**Exercise aim:** Restate the listing below word for word. No picture belongs in the result.

**Raw data:**
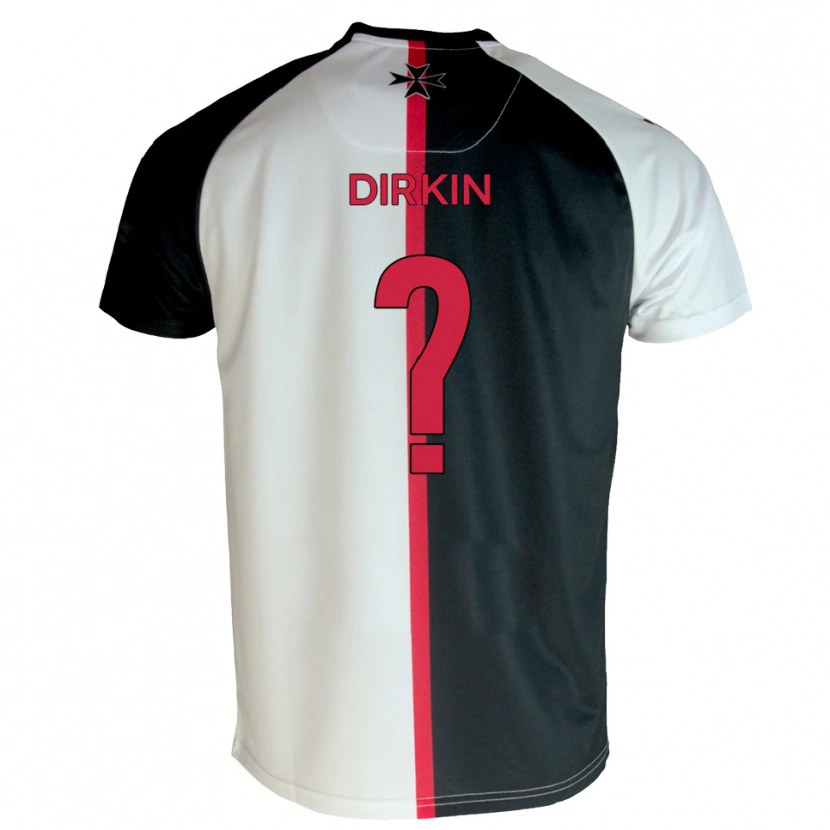 Danxen Män James Dirkin #0 Vit Svart Hemmatröja Matchtröjor 2025/26 Tröjor T-Tröja
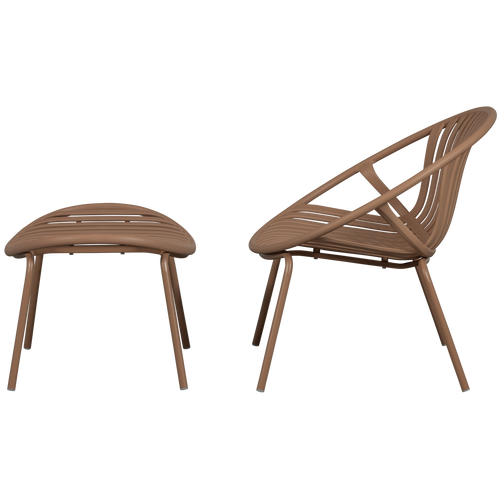 WOOOD tuin fauteuil Bruce - Metaal - Zalm Roze - 73x81x72 cm - vtwonen shop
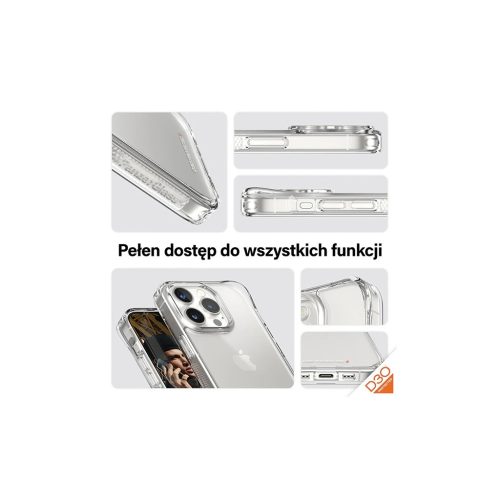 PanzerGlass Privacy Bundle 3in1 iPhone15 Pro Max készülékhez 6.7" D3O tok + kijelzővédő UWF+ Lens 1137+1175+P2812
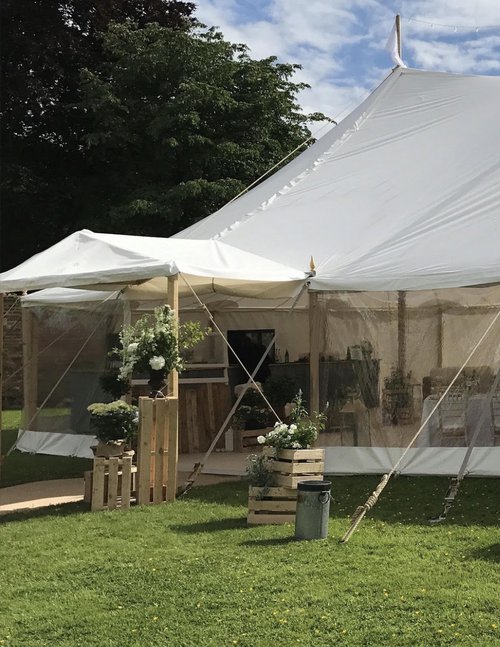 Barkers Celeste Marquee Entrance porch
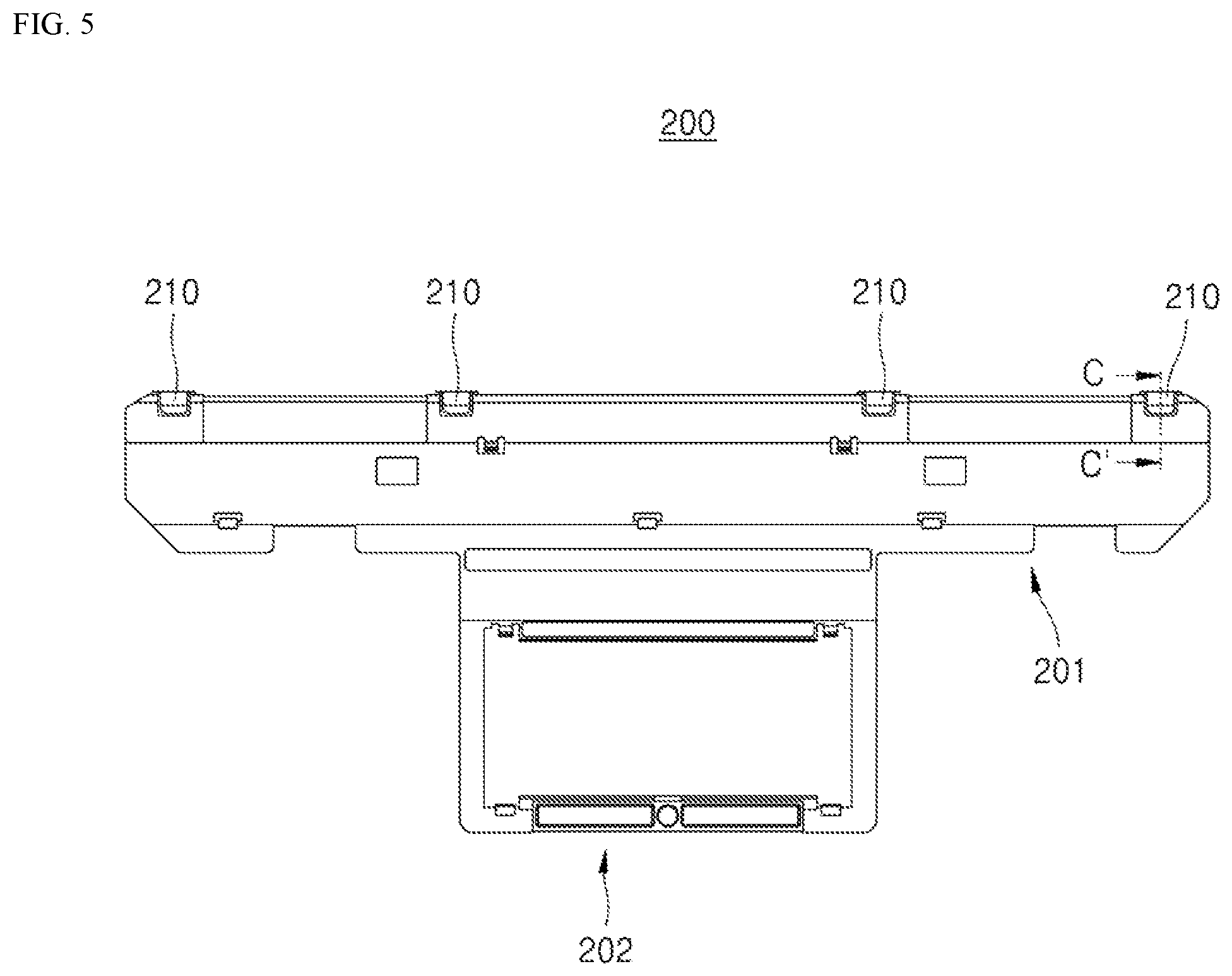 Patent US12120830 Figure 5 – Display apparatus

**Result:**
 Danxen Män James Dirkin #0 Vit Svart Hemmatröja Matchtröjor 2025/26 Tröjor T-Tröja
 WOOOD tuin fauteuil Bruce - Metaal - Zalm Roze - 73x81x72 cm - vtwonen shop
 PanzerGlass Privacy Bundle 3in1 iPhone15 Pro Max készülékhez 6.7" D3O tok + kijelzővédő UWF+ Lens 1137+1175+P2812
 Barkers Celeste Marquee Entrance porch
 Patent US12120830 Figure 5 – Display apparatus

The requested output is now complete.